#### WORKING DATA
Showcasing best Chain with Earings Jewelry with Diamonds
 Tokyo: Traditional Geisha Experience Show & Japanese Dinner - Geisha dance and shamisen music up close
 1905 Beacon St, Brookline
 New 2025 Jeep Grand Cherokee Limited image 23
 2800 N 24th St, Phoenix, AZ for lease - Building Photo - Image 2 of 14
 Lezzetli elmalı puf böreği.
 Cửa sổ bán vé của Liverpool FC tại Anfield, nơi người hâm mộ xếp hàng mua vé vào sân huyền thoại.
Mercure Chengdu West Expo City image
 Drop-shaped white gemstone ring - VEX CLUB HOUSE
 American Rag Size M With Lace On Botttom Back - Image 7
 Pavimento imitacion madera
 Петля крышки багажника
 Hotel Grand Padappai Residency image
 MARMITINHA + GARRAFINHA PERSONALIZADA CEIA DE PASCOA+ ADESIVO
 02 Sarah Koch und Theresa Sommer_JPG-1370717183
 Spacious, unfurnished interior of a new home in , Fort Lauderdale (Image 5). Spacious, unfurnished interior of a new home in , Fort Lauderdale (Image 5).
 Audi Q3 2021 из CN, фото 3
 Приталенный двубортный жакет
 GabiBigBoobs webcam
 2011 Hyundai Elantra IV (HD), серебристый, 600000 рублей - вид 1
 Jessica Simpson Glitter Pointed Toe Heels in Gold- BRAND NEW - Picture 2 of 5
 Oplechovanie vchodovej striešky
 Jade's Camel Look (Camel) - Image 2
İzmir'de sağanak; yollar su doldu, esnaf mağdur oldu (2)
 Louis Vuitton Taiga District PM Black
########
▶ _TASK_
Begin with the line above that has "2800 N 24th" and continue through the line that has "02 Sarah Koch", setting each one down exactly. Stop there.

▶ _RESULT OF THIS EXERCISE_
 2800 N 24th St, Phoenix, AZ for lease - Building Photo - Image 2 of 14
 Lezzetli elmalı puf böreği.
 Cửa sổ bán vé của Liverpool FC tại Anfield, nơi người hâm mộ xếp hàng mua vé vào sân huyền thoại.
Mercure Chengdu West Expo City image
 Drop-shaped white gemstone ring - VEX CLUB HOUSE
 American Rag Size M With Lace On Botttom Back - Image 7
 Pavimento imitacion madera
 Петля крышки багажника
 Hotel Grand Padappai Residency image
 MARMITINHA + GARRAFINHA PERSONALIZADA CEIA DE PASCOA+ ADESIVO
 02 Sarah Koch und Theresa Sommer_JPG-1370717183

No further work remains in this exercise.